At the end of January, about a week or so after my birthday, we got into a huge fight, about nothing really and I asked for a divorce, took my ring off and said I was leaving. I left and went a thousand miles away to be with family. The single best and worst thing I could of done.

Ive been able to hit the ground hard, and pick myself up with a fierce vengence. Got into the gym (my brother is pro MMA and has a facility here, in which he grinds me into the ground 3 times a day, 5 days a week), found what it was like to be happy about myself again. I have also found God again, we made a deal, he gave me a hi-5.

I had tryed to contact her in the begining on and off, and talk about us. Which she practically refused to do. So we went weeks here and there without contact. Which killed me, couldnt stand it. Because after all was said and done, I realized she wasnt the problem, I was. I now understand I was looking to her to fix me, and make me happy. When in reality only I could make myself happy, sometimes you cant see the sun through the clouds. Neither one of us are innocent in this, and I do not put her up on an idolized pedestal. 

But I do love her, and I realize this now to such a gravity, its hard to get out from under. And now she denies us, and tells me this is for the best, using my being better as a reason to go forth with the divorce. I have looked at her email, fb and the phone records (i feel like an ass for doing so) to try and alleviate any thoughts or feeling of infidelity. I havent found anything, but being across the country it does little to comfort me as she seems to act as though we dont matter, making me think that there is someone else in her life that does. But there is someone in her life, and it may as well be an EA. When I left we were at the end of our lease and were looking for a place. She moved in with her best friend, a gay fellow. I know him, and I dont believe anything could happen between them. In alot of ways he is more feminine than most women I know. But also, he is a bit jaded and Im sure responsible for the determination of not needing a man and being independant etc. Not allowing her to actually view the relationship properly and facing it and her actions as she should. A buffer, a wall, however you want to term it, a distance creator from her past.

I throw no blame, I have made my bed, as has she. But after these couple months. I wont allow our relationship to be thrown away so easily. I plan on going back to her soon, with a plan to try to get her laughing and to see if I can get us to a place where we can actually sit down with no guards up and talk like we used to, to see if there is truly anything left or not. I know this is not the action that is recommended, but I wont sit back years from now and wonder if there was anything I could of done to fix things. 

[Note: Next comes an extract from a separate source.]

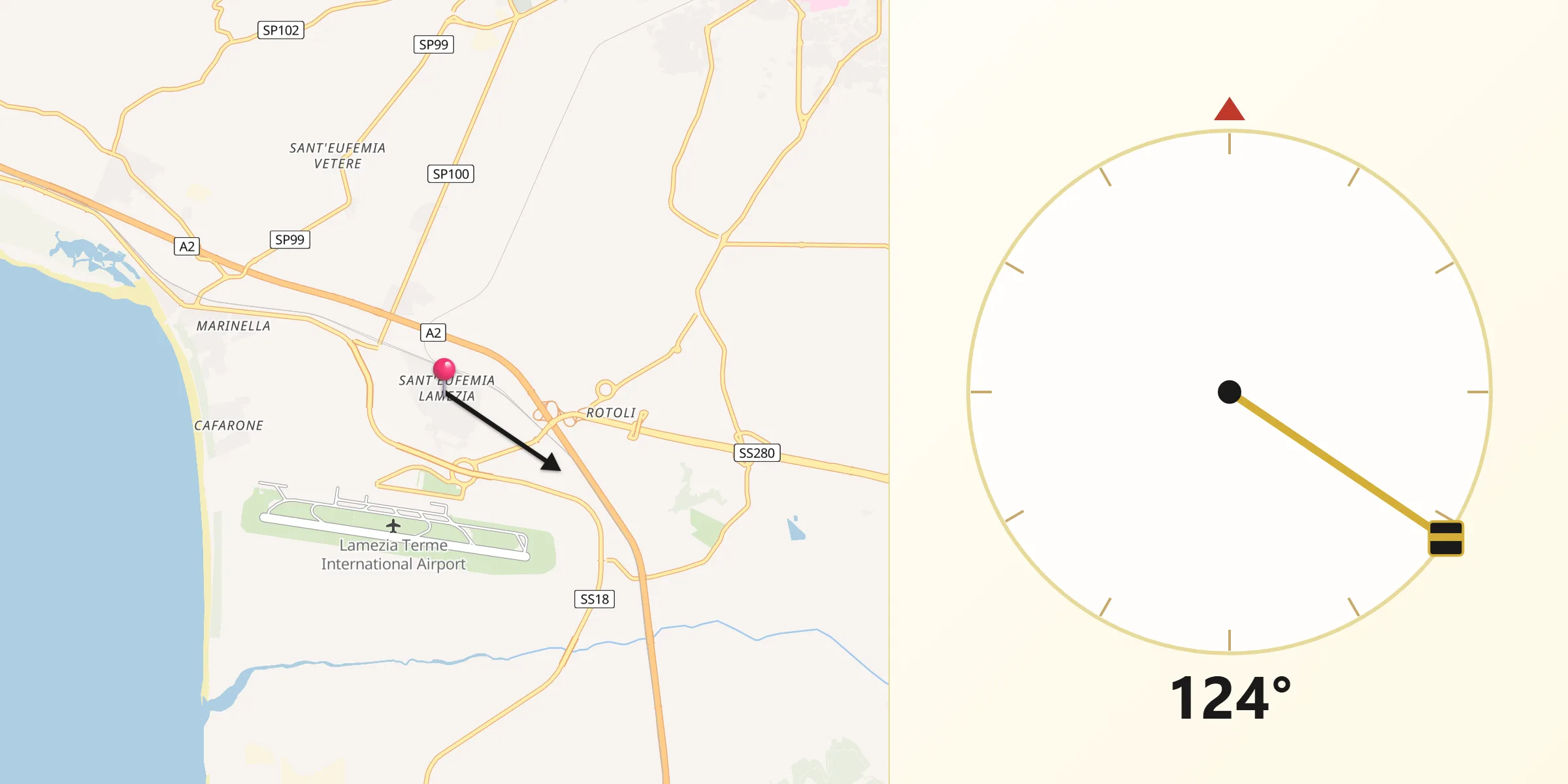 Direzione della Qibla da Santa Eufemia Lamezia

I dont believe I will be succesful, but that doesnt matter. She came from the other side of the planet to be with me and I would burn down the heavens for her. But I will not pursue after this, if it is truly the end than so be it. But I have to see it in her eyes. If she'll even give me the chance.

Im ok with all of this now, I know Ill be fine either way. I have a great family and some awesome friends to lean on these day, not to mention the big guy in my corner again. 

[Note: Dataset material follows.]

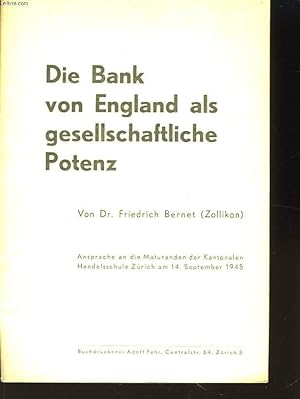 Imagen del vendedor de Die Bank von England als gesellschaftliche Potenz a la venta por Le-Livre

So yes, Im the ******* that asked for divorce, and then was touched my an angel and realized how ****ing stupid I was and how I havent done my job in my marriage and now Ill be fighting with everything I can to make it right, knowing it wont be enough.

Moral of the story is to be careful for what you ask for, you may get it and realize to late its not what you really want. And what you really want, may no longer want you.

Ill update as things happen, and even my plans to surprise her. I dont want to let the cat outa the bag as she knows Im around here. There are also alot of things I wont share, as its not a blame game for me anymore, no one is right or wrong anymore and the points dont matter.

Thanks for reading my story,

SitM


----------



## SlowlyGettingWiser (Apr 7, 2012)

I'm glad you're not looking for advice because I am 100% on your wife's side. You made an awful lot of HUGE unilateral decisions for the both of you!


----------



## EleGirl (Dec 3, 2011)

Well I hope you have really changed, completely changed. And I hope that this new you can get her back and go on to have a very good marriage.

But, I do not blame your wife for not wanting to get back with you. You have a huge chore ahead of you if you want to get back together again.


----------



## Mtts (Apr 16, 2012)

Wow man. I hate to say that it happens but honestly being there for her might not do what you want it to. It really sounds like distance has made it easier on you both. I wish you the best and hope you get the closure you're looking for.


----------



## StuckintheMud (Apr 9, 2012)

I appreciate the response's, and expected the overall tone. 

I believe I could tune the story a bit, throw in a bit of the details which lead me to my actions, but it doesnt matter. I wont blame her anymore for what has been done. This is about me, and I deserve the honesty about my actions. 

Yes I have changed, moreso back to the me before hand. A bit wiser (I hope) and very humble. I took her for granted, I know that. And would never do so again. This hasnt been easy on me in the least. When I mentioned that I hit the ground, I meant it as crashed, harder than I thought was possible. I didnt know you could go so low.

There are no excuses, and I hope for the best. I know my fate here, but I have to try. There is no angle or trickery, just a guy that realizes he ****ed up, that would love to once again look into his wife's beautiful eye's.


Sitm


----------